Cox v. Mankin
This text of 107 N.Y.S. 586 (Cox v. Mankin) is published on Counsel Stack Legal Research, covering Appellate Terms of the Supreme Court of New York primary law. Counsel Stack provides free access to over 12 million legal documents including statutes, case law, regulations, and constitutions.
Opinion
This action is brought to recover the sum of $210 deposited by the plaintiff with Louis Goldstein to secure payment to the defendant for labor to be performed and materials to be furnished in installing glass in the premises at Nos. 65-67 Broome street, borough of Manhattan, city of New York. The action was brought against Goldstein, upon whose motion the defendant herein was interpleaded.
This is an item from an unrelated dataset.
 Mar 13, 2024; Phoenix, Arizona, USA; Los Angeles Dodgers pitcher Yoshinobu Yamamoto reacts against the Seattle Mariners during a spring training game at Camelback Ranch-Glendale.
It is conceded that the defendant failed to complete the contract at the time agreed upon, and that the plaintiff thereupon employed others to complete the work. The defense offered was that the delay was caused by the failure of the plaintiff to have a part of the window frames and mouldings in position so that the glass could be installed. Upon this question the evidence of the plaintiff and the defendant was at variance. The contract called for the placing of 12 large plate windows, and the defendant admits that he installed only 7. The defendant offered evidence tending to prove that he repeatedly notified Levy, who, it appears, was the superintendent and foreman of the plaintiff, that he would be unable to complete his work at the time specified on account of the absence of the window frames and mouldings. The trial court excluded this evidence, stating that Levy had no authority to represent the plaintiff with respect to this matter, to which the defendant duly excepted. We think the exclusion of this. evidence was error, and that it was highly prejudicial to the defendant. Levy testified that he was the superintendent and foreman of the plaintiff in charge of this work. The evidence excluded would have tended to corroborate the defendant that his failure to perform his contract within the time agreed upon was due to causes which were entirely within the control of the plaintiff.
The judgment should therefore be reversed, and a new trial ordered, with costs to appellant to abide the event. All concur.